Judge Woodward found that there was no failure to take reasonable care by the builder in the selection and use of ACPs as the builder had engaged and relied on advice provided by highly skilled professionals. Judge Woodward apportioned liability as follows:
- Fire engineer - 39%
- Building surveyor – 33%
- Architect – 25%
- French tourist – 3%
The decision on appeal
The VCAT decision was appealed by the building surveyor, architect and fire engineer (collectively referred to as the consultants). The Court of Appeal (CoA) comprised of Justices Beach, Osborn and Stynes considered 11 grounds of appeal. All but one very minor ground of appeal were unsuccessful.
Commentary on the CoA’s decision has largely focused on the following key takeaways:
- the CoA endorsed the position that the Tribunal was correct in finding that the builder had no liability, because it was entitled to rely on the skill and expertise of the highly skilled professional consultants it had engaged and otherwise confirmed the consultants’ respective exposure;
- any dispute regarding whether ACPs satisfied the DTS provisions of the BCA have been firmly dismissed; and
- the building surveyor’s reliance on the peer professional opinion defence was found to be unsuccessful because approving combustible cladding under the DTS provisions of the BCA was unreasonable.
Whilst the above findings are significant, perhaps the most far-reaching element of the decision is the CoA’s finding that certain implied warranties under the DBCA were not apportionable and in particular the determination that it is form, rather than substance which is critical to determining whether a claim is apportionable. We discuss the decision in greater detail below.
Apportionability of the warranties under the DBCA
At first instance the owner applicants (Owners) implemented a strategy whereby they only pursued a claim under the warranties contained in the DBCA, in lieu of pursuing a negligence claim against all parties. This was seemingly done in an effort to avoid the proportionate liability regime under the Wrongs Act 1958 (Vic).
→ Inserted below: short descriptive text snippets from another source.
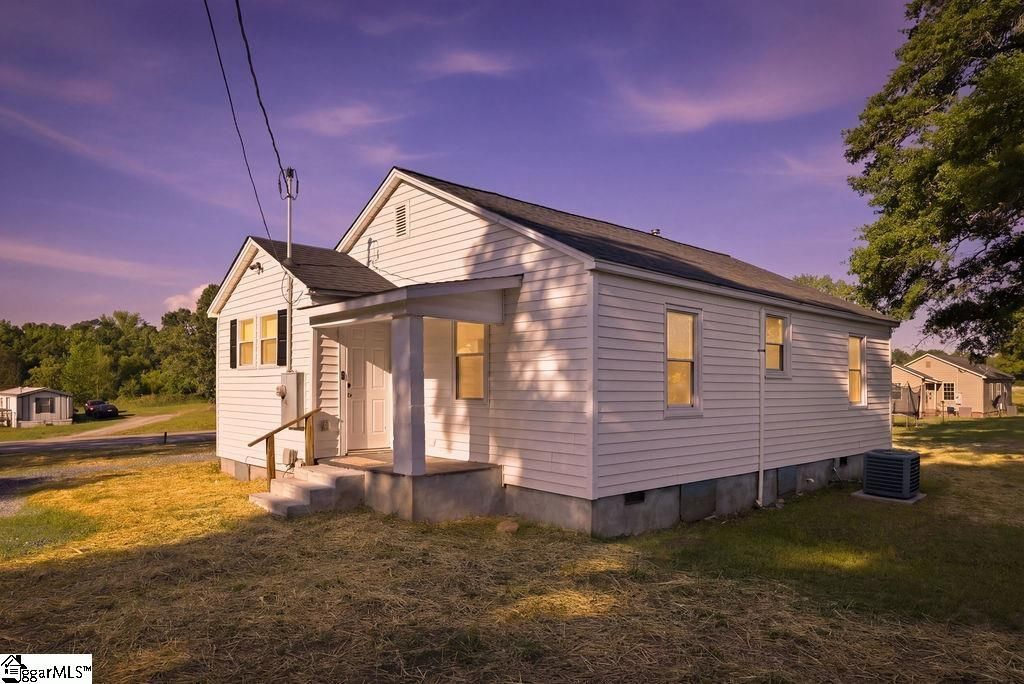 7604 252 Highway, Honea Path, SC 29654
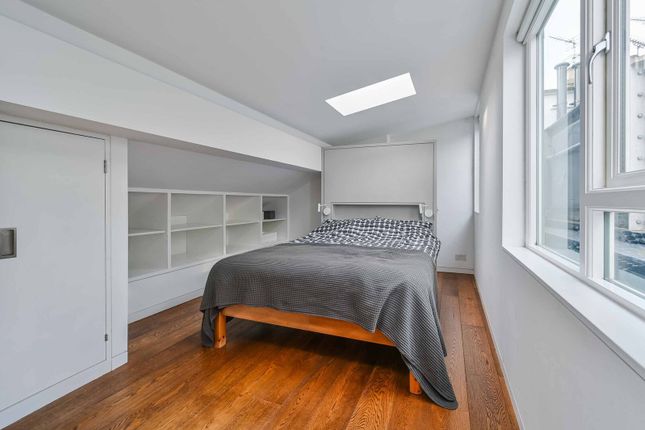 Regents Park Road, Primrose Hill photo 2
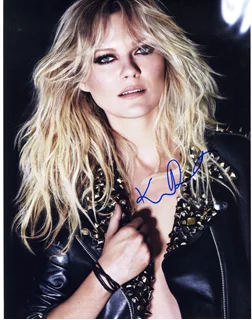 Kirsten Dunst autograph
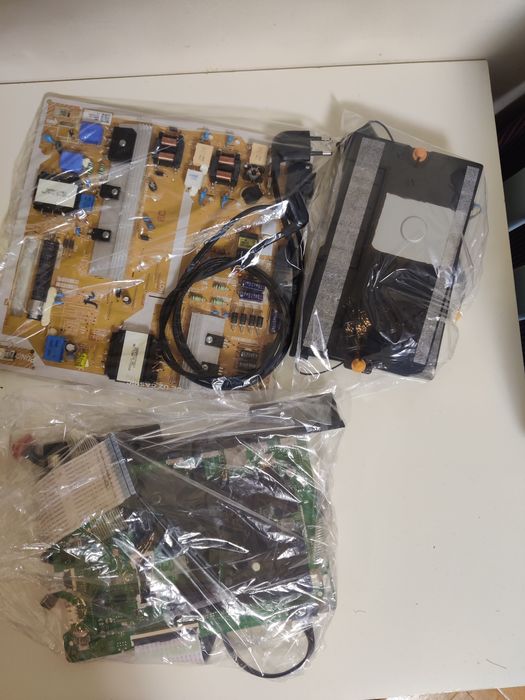 Piese televizor Samsung UHD 50 126cm ue50au8072uxxh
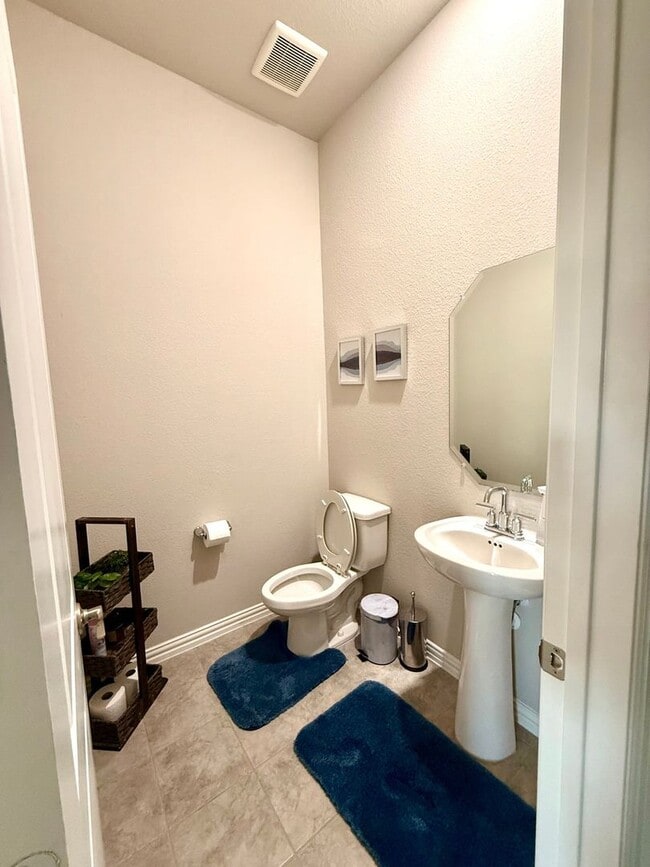 Building Photo - Spacious 4BR4B with Flex Room & OverSized Patio in Aubrey ArrowBrooke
The warranties relied on by the Owners were contained in sections 8(b), (c) and (f) of the DBCA which warranted that the building would be:
- built with materials which were suitable for the purpose for which they are used;
- the building work would comply with the Building Act 1993 and regulations; and
- the building would be fit for the disclosed purpose for which it was built.
Notably, none of those warranties included reasonable care as an element.
On appeal, it was argued that the warranties under the DBCA were apportionable as they necessarily involved a ‘failure to take reasonable care’ as a part of their factual basis.
The CoA firmly rejected that position stating that whether a claim was apportionable will be determined by ‘the terms in which a claim is framed’. In reaching that decision the CoA noted that an interpretation which found that the statutory warranties were apportionable would undermine the purpose and function of the statutory warranties in the DBCA, by enabling a builder to avoid liability by introducing an element of reasonable care to a cause of action, which on its face, does not include failure to take care as an element.
The CoA decision is significant in that it clarifies that Courts prioritise form rather than substance when considering whether a claim is apportionable. In reaching this view, the CoA dismantled what many understood the position in Dartberg Pty Ltd v Wealthcare Financial Planning 1 to be (i.e. that it was necessary to look beyond the expressly pleaded form of the case).
Liability of the Builder
An issue of significance during the trial at first instance was whether the builder ought to bear some liability given that it selected the particular ACPs product that was used on the building (i.e. Alucobest). The architect had specified the use of a ‘cladding system indicative to Alucobond’. The evidence at trial was that the Alucobond range included products with a 100% polyethylene core such that the experts agreed that the combustibility of the Alucobond product specified would have been equivalent to the Alucobest product which was ultimately used.
On appeal, it was determined that it was appropriate to find that there was no failure to take reasonable care on the part of the builder. The CoA found that the evidence established that, even though the builder had selected the particular ACP product used, it sought and obtained approval to use the Alucobest product from the architect. Further, the CoA endorsed the view that the product used was a substitution of a specified product, which had the same characteristics and was equally likely to have been combustible. In the circumstances, the builder had engaged, and was entitled to rely on the skills and expertise of highly qualified consultants.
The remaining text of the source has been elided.